The mistake made by a political campaign demonstrates some of the pitfalls of using e-mail as a marketing tool. Enterprises must ensure that their messages target the appropriate recipients and are not viewed as spam.


Event

On 4 March 2002, the Web-hosting service for the campaign Internet site of California gubernatorial candidate Bill Jones placed the site back online after shutting it down in protest over a mass e-mailing that some recipients compared to spam. The campaign to elect Jones involved sending hundreds of thousands of unsolicited e-mails to in- and out-of-state residents through a third-party marketer. The site was down until Jones' campaign hired an alternate company to restore its Internet connection just days before the state's Republican primary.


First Take

This incident reveals that political campaigns need to become savvier when targeting voters. After all, a fine line separates Internet marketing and spam. The Jones campaign made some innocent but very important mistakes, and it will pay for them — with much anger from outraged recipients in the short run.

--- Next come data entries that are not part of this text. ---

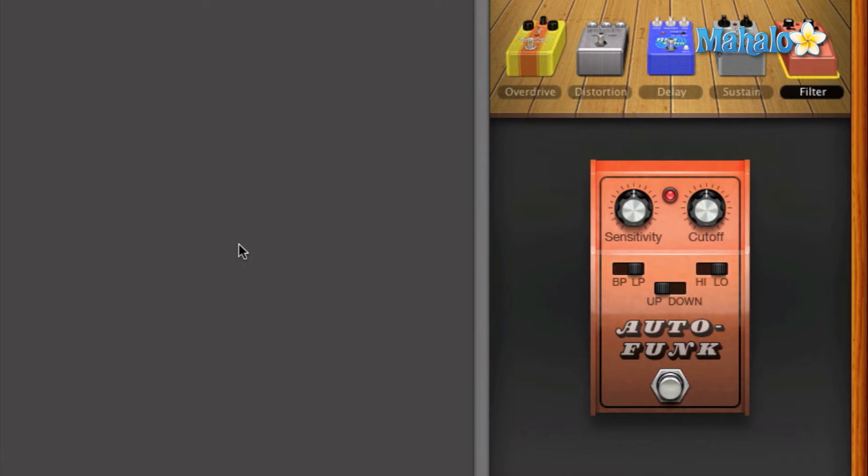As you can see, it's not perfect. But for a software that's trying to just kind of guess by default of how a Wah is playing and how you're strumming, that's pretty, pretty, pretty close.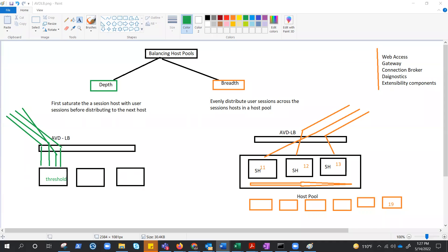Just like breadth-first, the depth-first method first queries session hosts that allow new connections and haven't gone over the maximum session limit. It then selects the session host with the highest number of sessions, because the goal is to saturate it first. If there is a tie, the method selects the first session host in the query.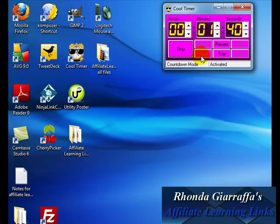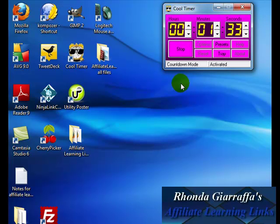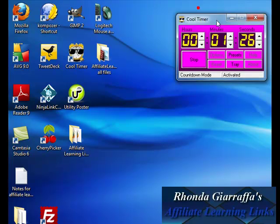One thing that I just started using is this fun little thing called Cool Timer. It's a free piece of software that you can download at CNET, and it keeps me on point, on track with the tasks that I have at hand. So it's really cool, and it's also cool to time yourself on video.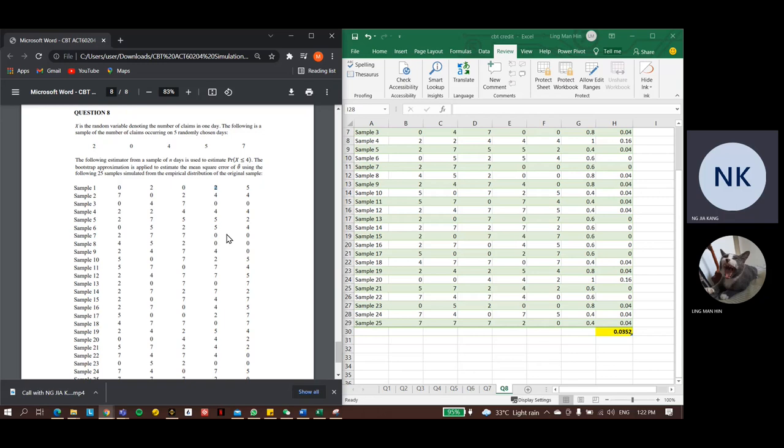But how should we start to solve the question? As we have understood how bootstrap approximation works, the solution is easy. Firstly, we will figure out what we need to find. In this case, it is the mean square error of the estimator. The estimator is the probability that the number of climbing accidents is less than or equal to 4.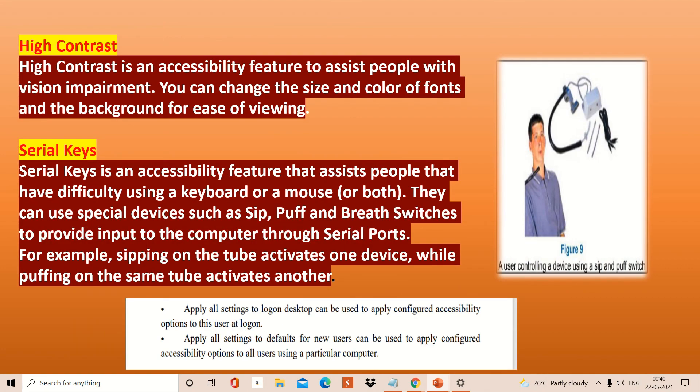Another option is high contrast. High contrast is useful for everyone — you can set the contrast of your system as per your eyes: the color combination, contrast, and brightness that is most suitable for your eyes. Everybody can set it accordingly to what suits them best.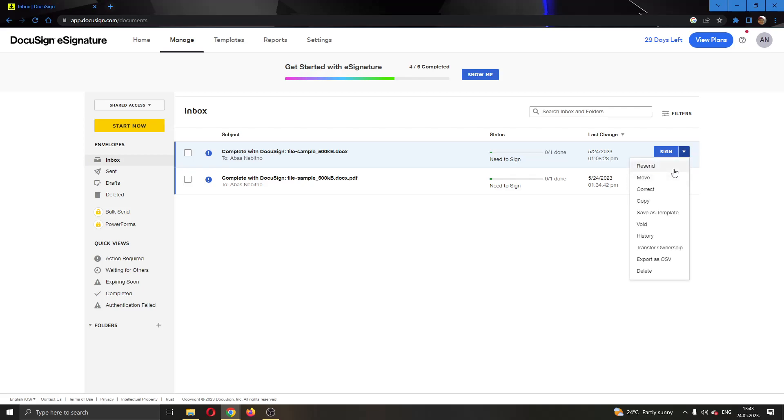This will now open up this new option where we can see multiple options that we can use with the document. We want you to go ahead and select either the Transfer Ownership option or the Correct option.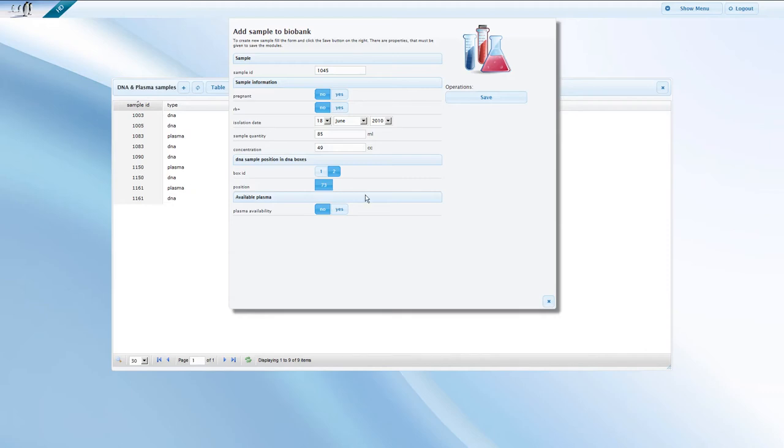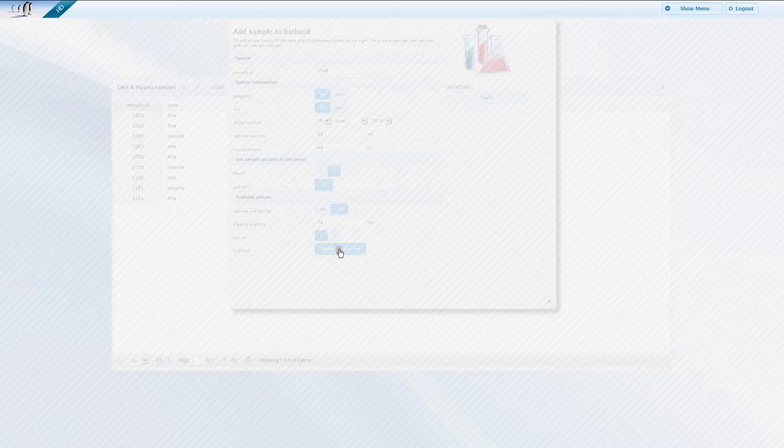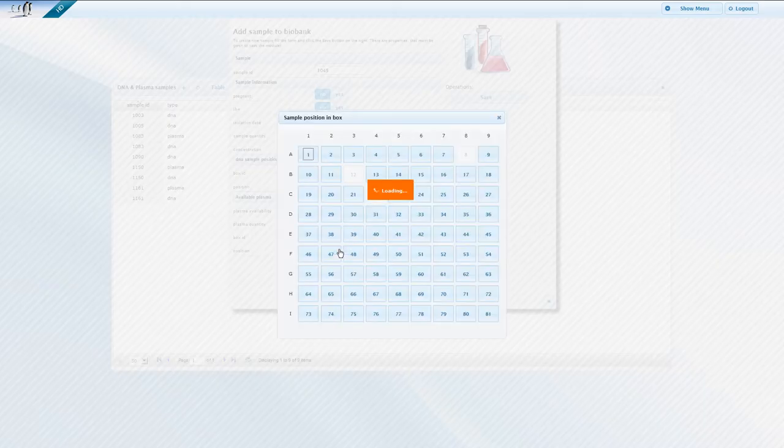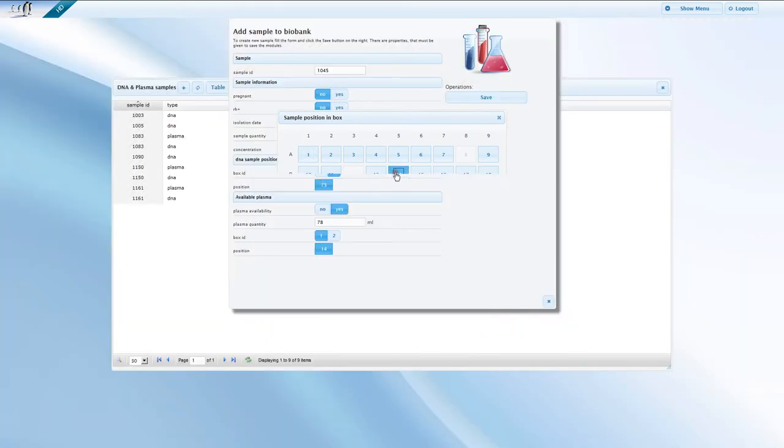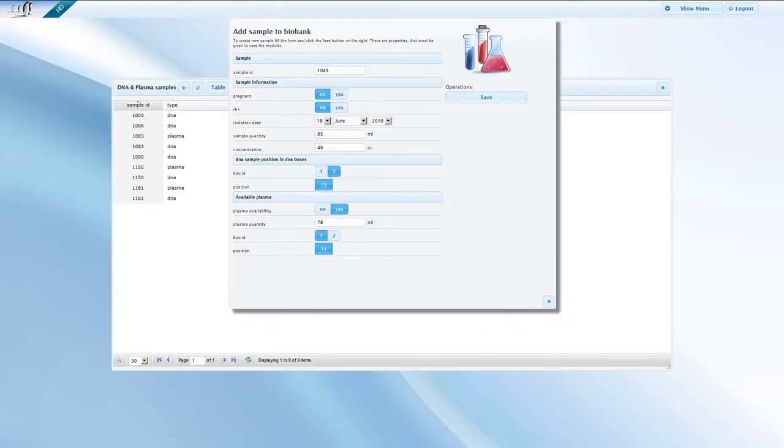In most cases, only part of the sample is used for a particular experiment. The rest will be stored in another container. SmartBank lets you allocate a position to the remaining quantity right away. When you have finished entering the information, simply save the form.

The Jones campaign’s problems stemmed first from the marketing vendor chosen for his e-mail campaign. The Jones campaign intended to e-mail Californians who expressed interest in politics. However, the vendor sent the e-mail to an unqualified list that included out-of-state and overseas e-mail addresses. Furthermore, the vendor sent the message by an overseas source. This common practice among spam senders produces spam-like headers. For example, if the messages were sent from Korea, the header might be “From Bill Jones in California, posted from abc123xyz@somedomain.kr.” That kind of header rarely escapes any antispam e-mail filtering engine. Many recipients likely didn’t receive the message at all.

The Jones campaign incorrectly assumed that this e-mail effort didn’t result in spam because the messages weren’t commercial. The e-mail may not have fit California's spam law, which defines spam as unsolicited commercial e-mail. However, in the eyes of many recipients, it was spam because recipients:

  • Didn’t ask for the mail
  • Didn’t know the sender
  • Couldn’t vote in California in many cases so that the information communicated wasn’t applicable

Legislators continue to try to protect enterprises from spam (e.g., with laws in California and a dozen other states). Some groups also try to verify that ethical sources send e-mail — e.g., certification initiatives from nonprofit organizations, such as Truste and the American Marketing Association. For a high-volume, legitimate sender, adding a "seal of approval" costs little. However, it may be costly for spam senders because they often operate on a low budget.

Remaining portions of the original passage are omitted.